- Aim of the task -
Pictures aside, write out every record exactly as it appears.

Captioned web images:
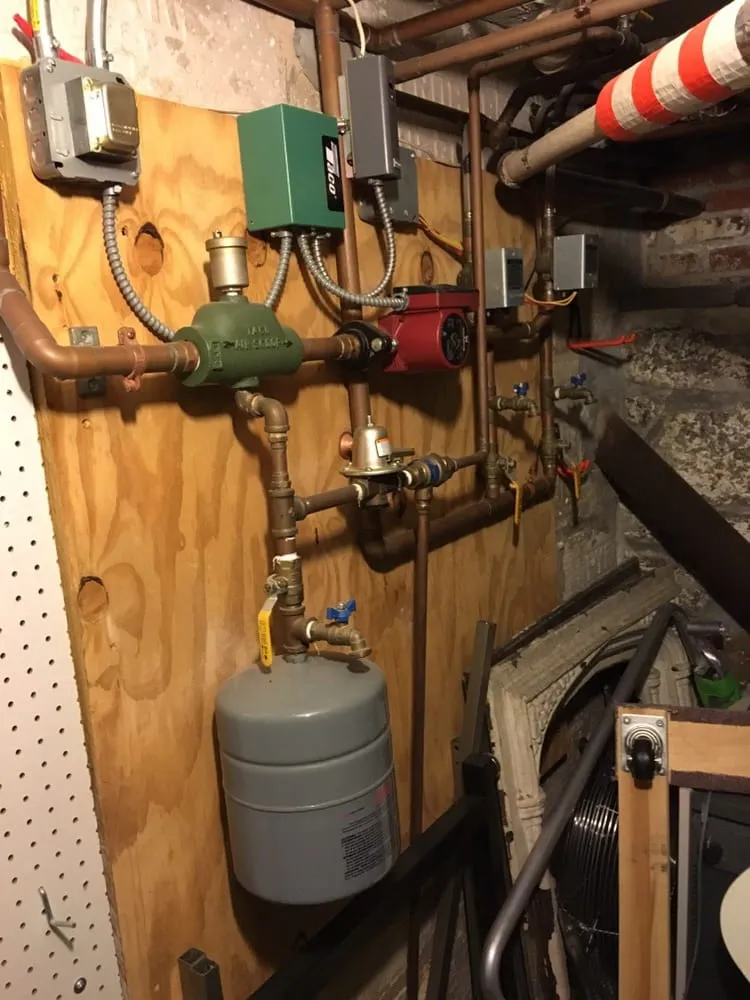 Slide of CHC Air Specialists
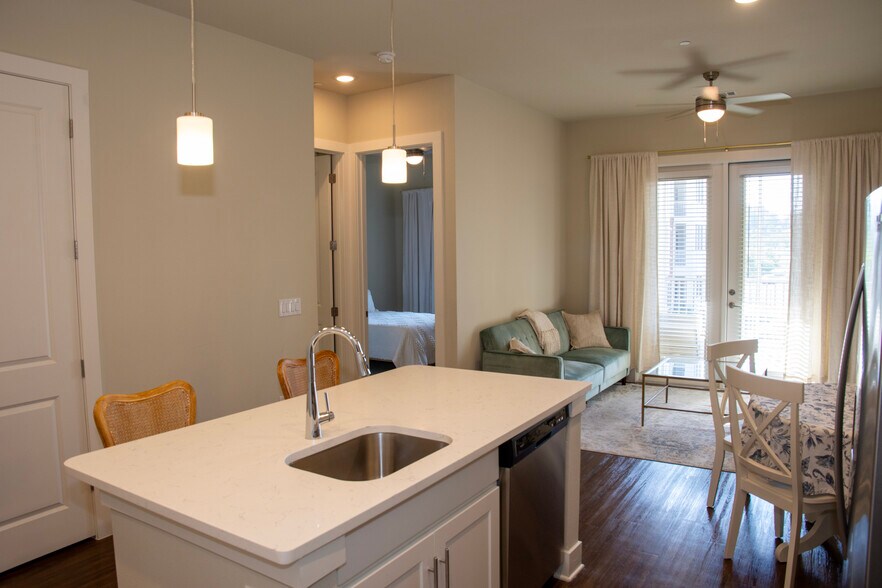 More Photos Of 2200 Carl D Silver Pky, Fredericksburg Apartments For Lease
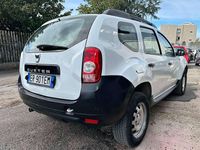 Usata Dacia Duster Ambiance 90 CV (66 kW) 2013 Bianco SUV
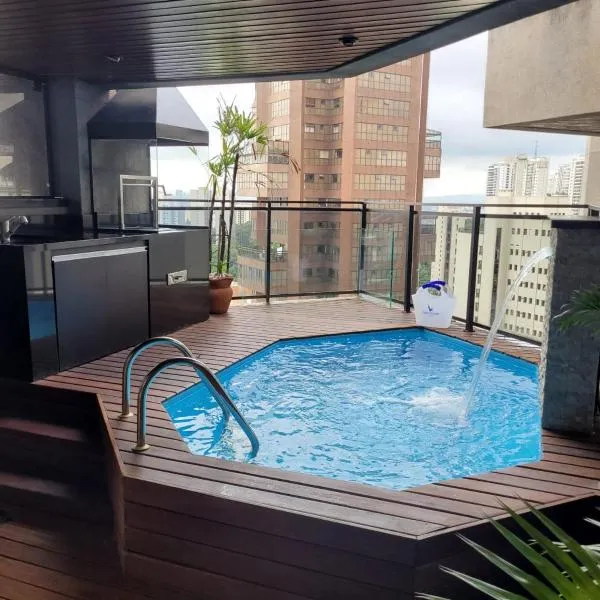 Morumbi, Apartamento Pub, SPA com hidromassagem, PISCINA Aquecida PRIVATIVA, LAREIRA, tudo que você precisa para descansar, trabalhar ou realizar aquela comemoração! Com total conforto e PRIVACIDADE! O Apt Nota 10 de SP!, hotel v Sao Paulu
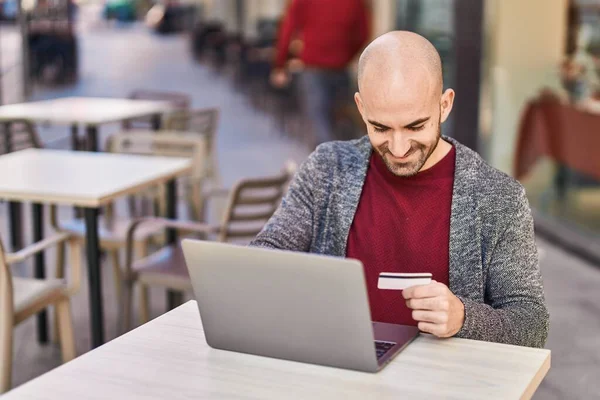 Junger Mann Mit Laptop Und Kreditkarte Auf Café Terrasse — Stockfoto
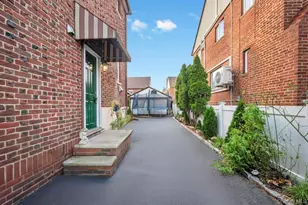 88 Marlboro Rd, Valley Stream, NY 11581 - Photo 4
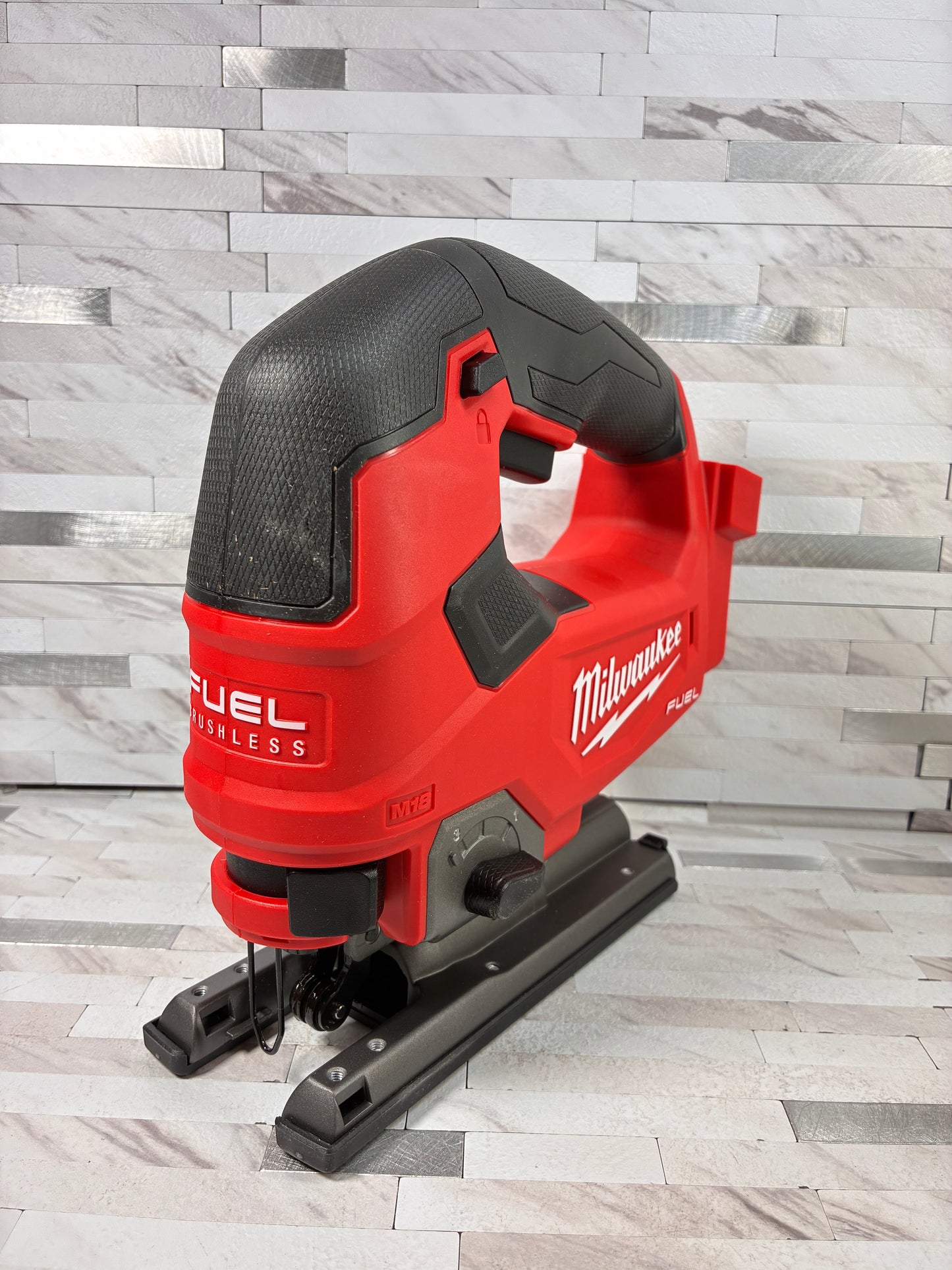 Milwaukee M18 FUEL 18V Lithium-Ion Brushless Cordless Jig Saw (Tool-Only)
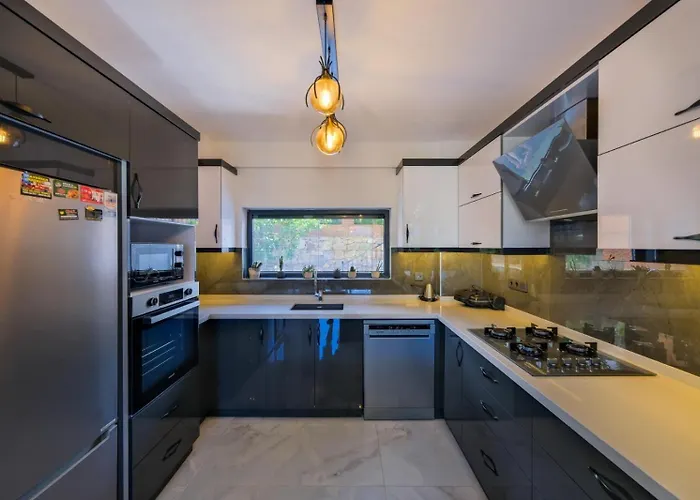 Lotus/ Oeluedeniz Isitmali Kapali Havuzlu Fethiye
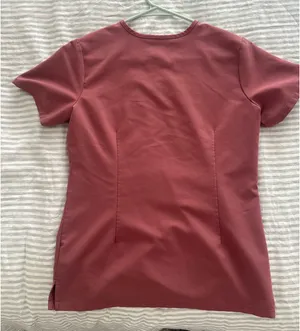 FIGS Catarina One-Pocket Top thumbnail 3
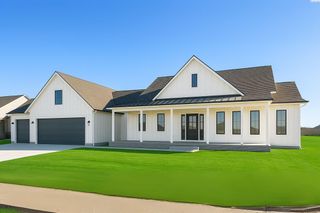 7419 Haystack St, Kennewick, WA 99338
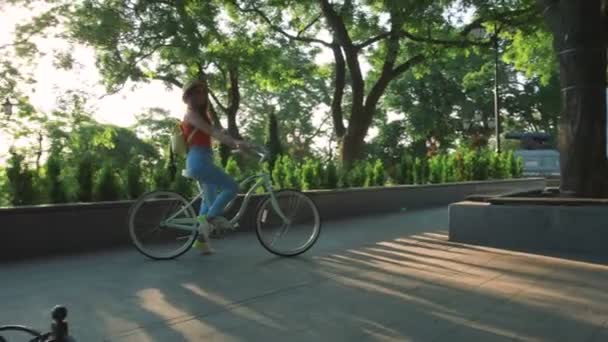 Mulher de chapéu com bicicleta vintage — Vídeo de Stock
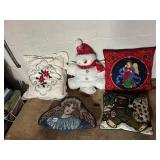 CHRISTMAS THEME DECORATIVE PILLOWS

- Solved exercise -
 Slide of CHC Air Specialists
 More Photos Of 2200 Carl D Silver Pky, Fredericksburg Apartments For Lease
 Usata Dacia Duster Ambiance 90 CV (66 kW) 2013 Bianco SUV
 Morumbi, Apartamento Pub, SPA com hidromassagem, PISCINA Aquecida PRIVATIVA, LAREIRA, tudo que você precisa para descansar, trabalhar ou realizar aquela comemoração! Com total conforto e PRIVACIDADE! O Apt Nota 10 de SP!, hotel v Sao Paulu
 Junger Mann Mit Laptop Und Kreditkarte Auf Café Terrasse — Stockfoto
 88 Marlboro Rd, Valley Stream, NY 11581 - Photo 4
 Milwaukee M18 FUEL 18V Lithium-Ion Brushless Cordless Jig Saw (Tool-Only)
 Lotus/ Oeluedeniz Isitmali Kapali Havuzlu Fethiye
 FIGS Catarina One-Pocket Top thumbnail 3
 7419 Haystack St, Kennewick, WA 99338
 Mulher de chapéu com bicicleta vintage — Vídeo de Stock
 CHRISTMAS THEME DECORATIVE PILLOWS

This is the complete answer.